A *算法找不到最短路径

Question

I am trying to implement the A* algorithm in python but have hit a problem when trying to find the path of this map:

X X X X X X X     S = Start
0 0 0 X 0 0 0     E = End
0 S 0 X 0 E 0     X = Wall
0 0 0 X 0 0 0
0 0 0 0 0 0 0

I am using the Manhattan method. My implementation does find a path, but not the shortest one. The error starts on it's second move -- after moving right. At this point it can move up and the heuristic cost would be four (three right, one down) or down (three right, one up). Is there a way so it chooses down to get the shortest path?

Code:

class Node:
    def __init__(self, (x, y), g, h, parent):
        self.x = x
        self.y = y
        self.g = g
        self.h = h
        self.f = g+h
        self.parent = parent

    def __eq__(self, other):
        if other != None:
            return self.x == other.x and self.y == other.y
        return False

    def __lt__(self, other):
        if other != None:
            return self.f < other.f
        return False

    def __gt__(self, other):
        if other != None:
            return self.f > other.f
        return True

    def __str__(self):
        return "(" + str(self.x) + "," + str(self.y) + ") " + str(self.f)

def find_path(start, end, open_list, closed_list, map, no_diag=True, i=1):
    closed_list.append(start)
    if start == end or start == None:
         return closed_list
     new_open_list = []
     for x, y in [(-1,1),(-1,-1),(1,-1),(1,1),(0,-1),(0,1),(-1,0),(1,0)]:
        full_x = start.x + x
        full_y = start.y + y
        g = 0
        if x != 0 and y != 0:
            if no_diag:
                continue
            g = 14
        else:
            g = 10
        h = 10 * (abs(full_x - end.x) + abs(full_y - end.y))
        n = Node((full_x,full_y),g,h,start)
        if 0 <= full_y < len(map) and 0 <= full_x < len(map[0]) and map[full_y][full_x] != 1 and n not in closed_list:
            if n in open_list:
                if open_list[open_list.index(n)].g > n.g:
                    new_open_list.append(n)
                else:
                    new_open_list.append(open_list[open_list.index(n)])
            else:
                new_open_list.append(n)
    if new_open_list == None or len(new_open_list) == 0:
        return find_path(start.parent, end, open_list, closed_list, map, no_diag, i-1)
    new_open_list.sort()
    return find_path(new_open_list[0], end, new_open_list, closed_list, map, no_diag)

Answer 1

You seem to be constructing a new open list for each node, which contains only that node's neighbors. This essentially makes your search a form of a depth-first search, while A* should be a best-first search.
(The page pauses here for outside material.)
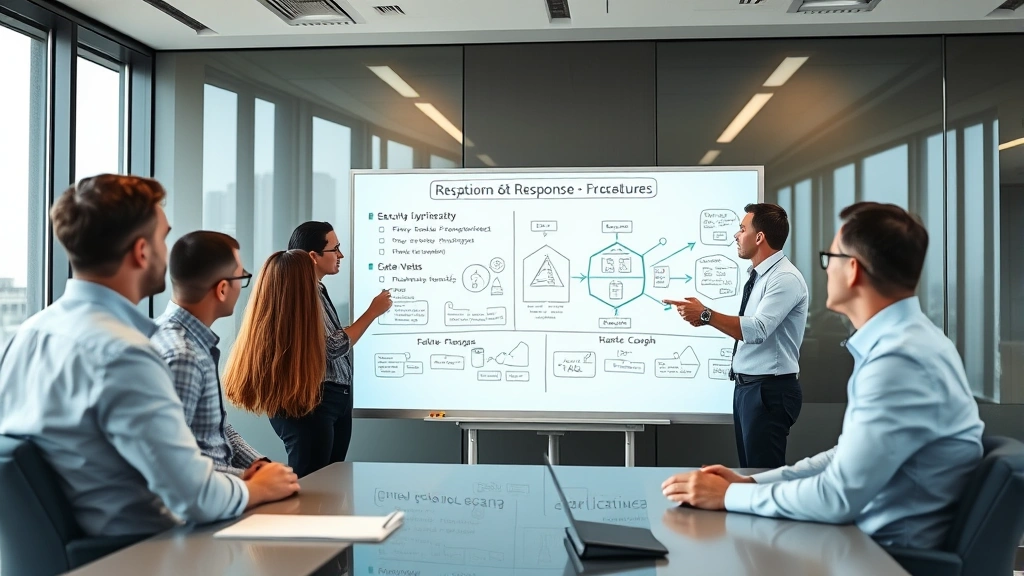 Corporate security team in conference room reviewing incident response procedures on whiteboard, multiple professionals examining network diagrams and security frameworks, collaborative atmosphere demonstrating cyber protection planning and preparation
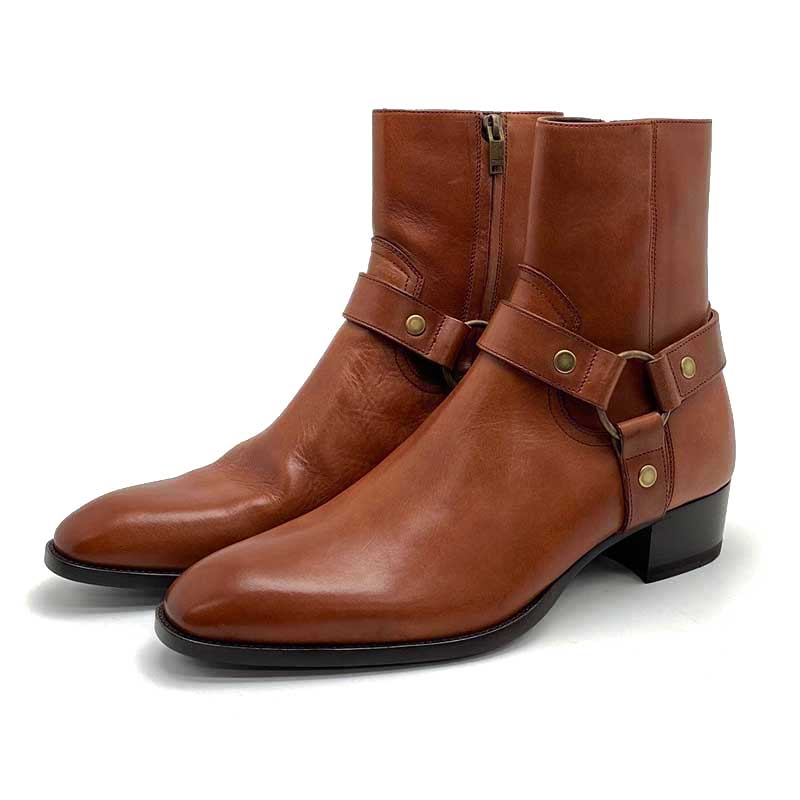 送料無料 Dwe00 代引手数料無料 Saint ハーネスブーツ Laurent Paris サンローランパリ メンズ ハーネスブーツ レザー ブラウン 41 1 2 Dwe00 7660 中古 よろず屋京都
You need to use one open list which will be updated with each node's neighbors as you visit that node. The old nodes in the open list must remain there until they are traversed and moved to the closed list.

Regarding what you said in your question, It's OK for the search to try moving up before down (since according to the heuristic, they are the same distance from the goal). What matters is that in the end, the path chosen will be the shortest.